══ PROVIDED ENTRIES ══
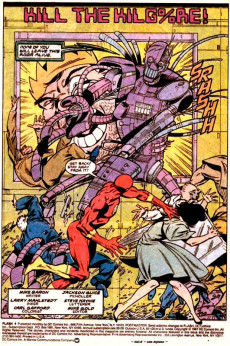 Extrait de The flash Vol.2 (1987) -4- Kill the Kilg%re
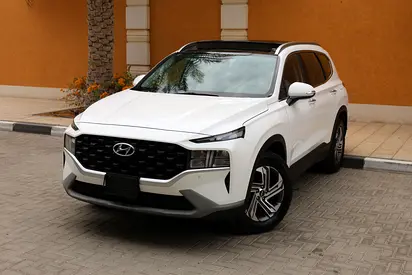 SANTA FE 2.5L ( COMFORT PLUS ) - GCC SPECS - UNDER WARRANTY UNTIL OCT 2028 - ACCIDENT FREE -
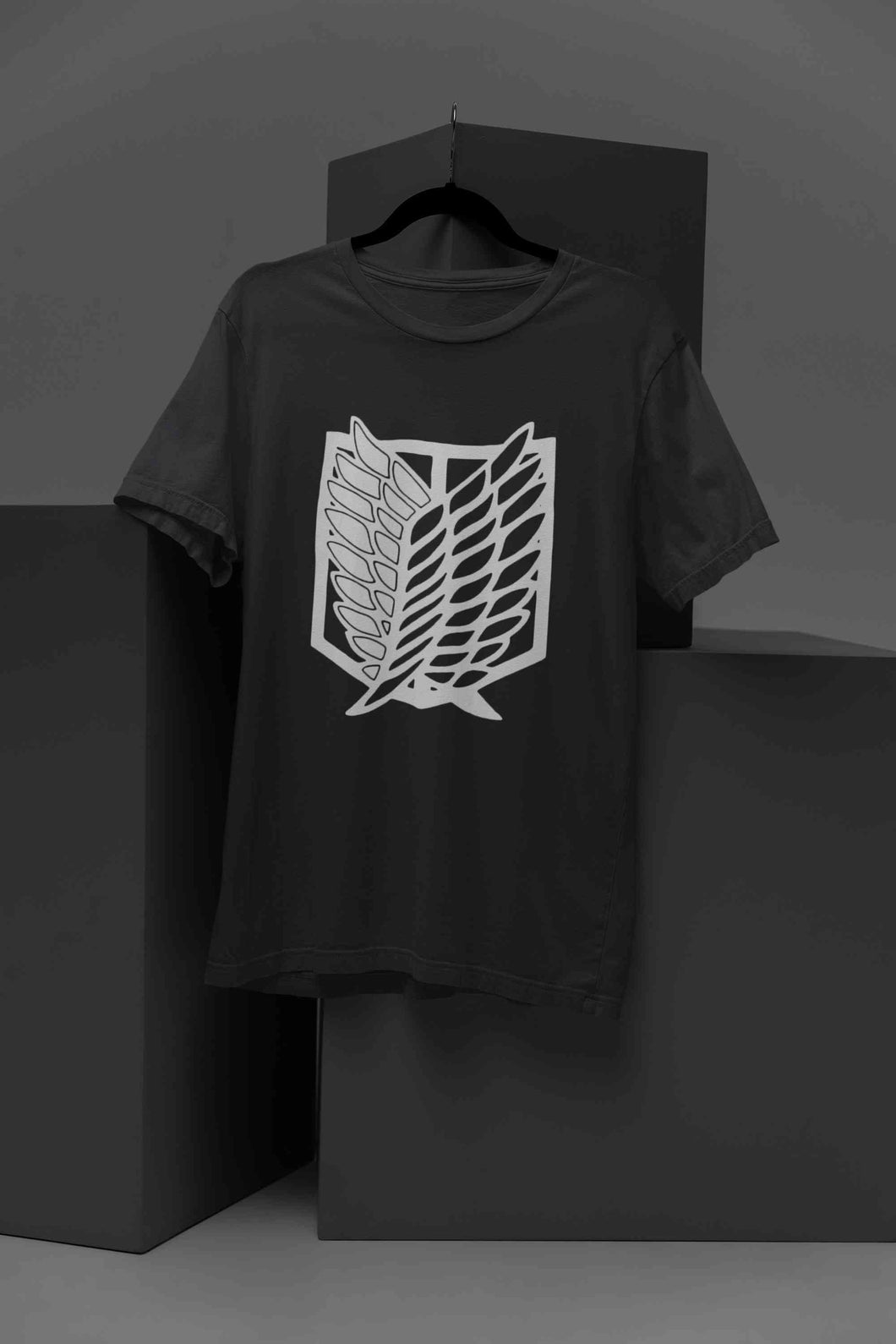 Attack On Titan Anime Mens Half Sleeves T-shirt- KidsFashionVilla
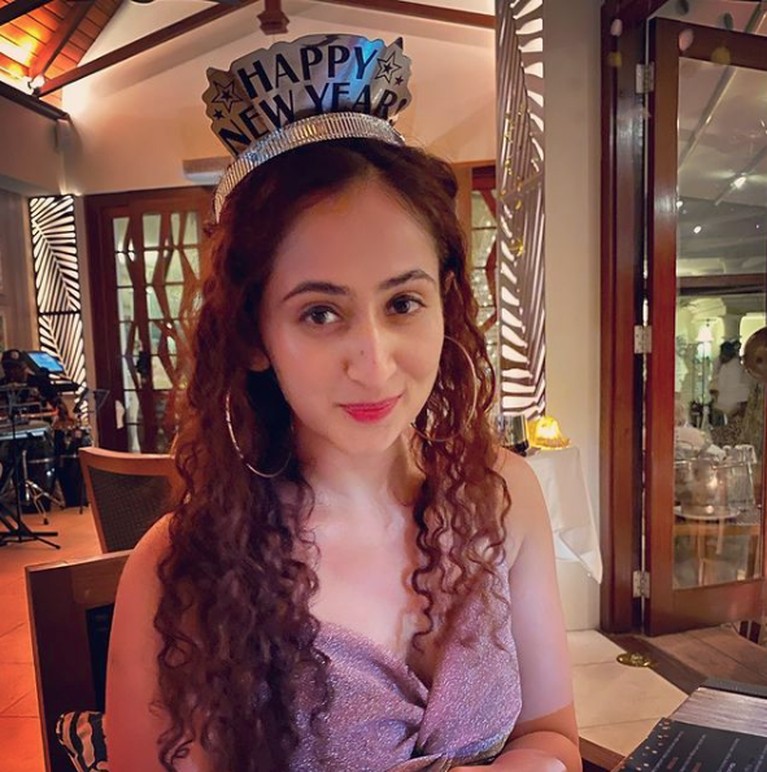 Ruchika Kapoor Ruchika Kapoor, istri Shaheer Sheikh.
═══
══ PROVIDED ENTRIES ══
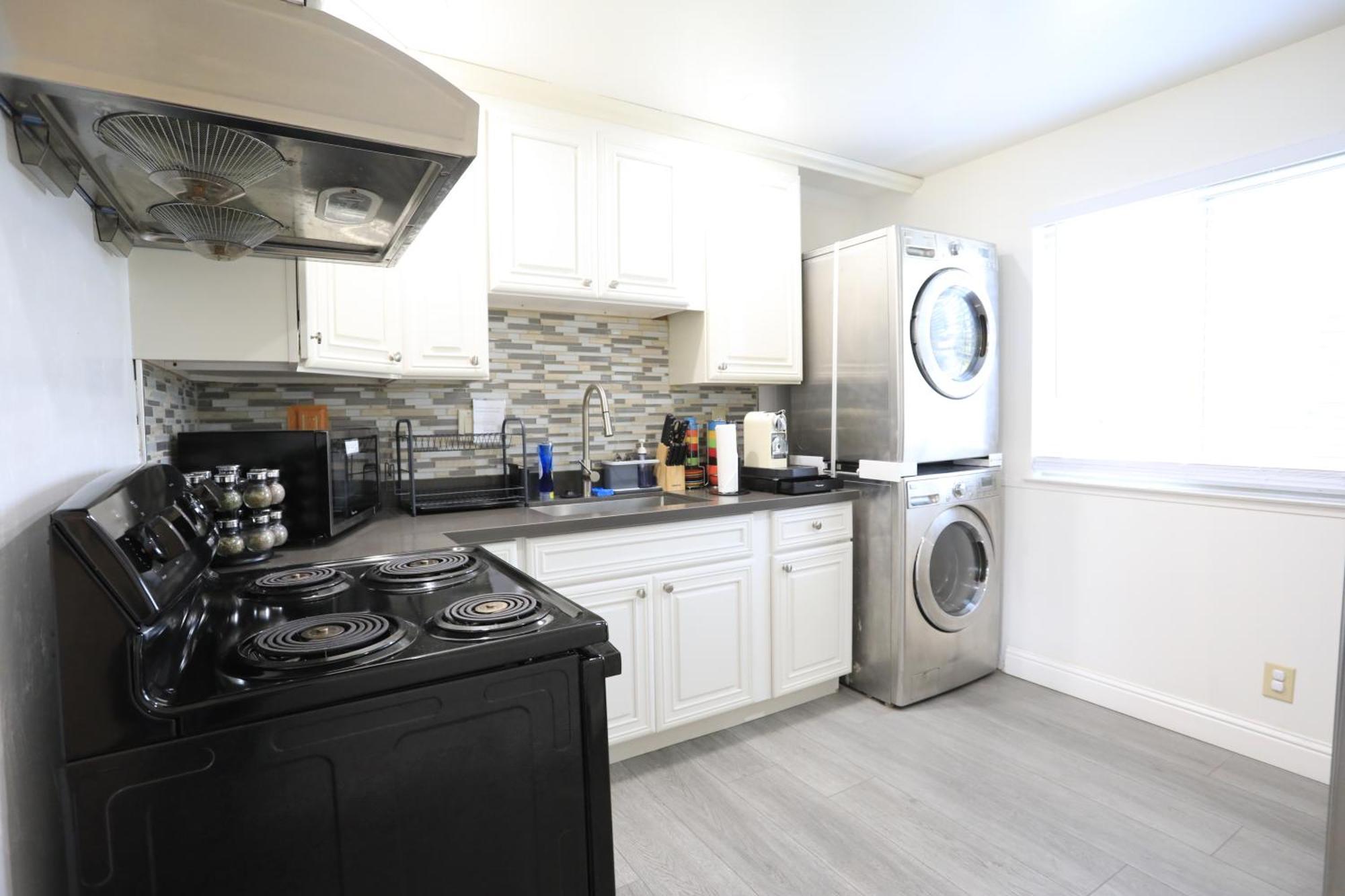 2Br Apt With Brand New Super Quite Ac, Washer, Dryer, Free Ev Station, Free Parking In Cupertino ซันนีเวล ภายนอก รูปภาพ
═══
### [DESCRIPTION OF THE TASK]
Return only the part above that opens with the line containing "Attack On Titan" and closes with the line containing "Ruchika Kapoor Ruchika", exactly and with both ends, skipping the pictures.

### [EXERCISE ANSWER]
 Attack On Titan Anime Mens Half Sleeves T-shirt- KidsFashionVilla
 Ruchika Kapoor Ruchika Kapoor, istri Shaheer Sheikh.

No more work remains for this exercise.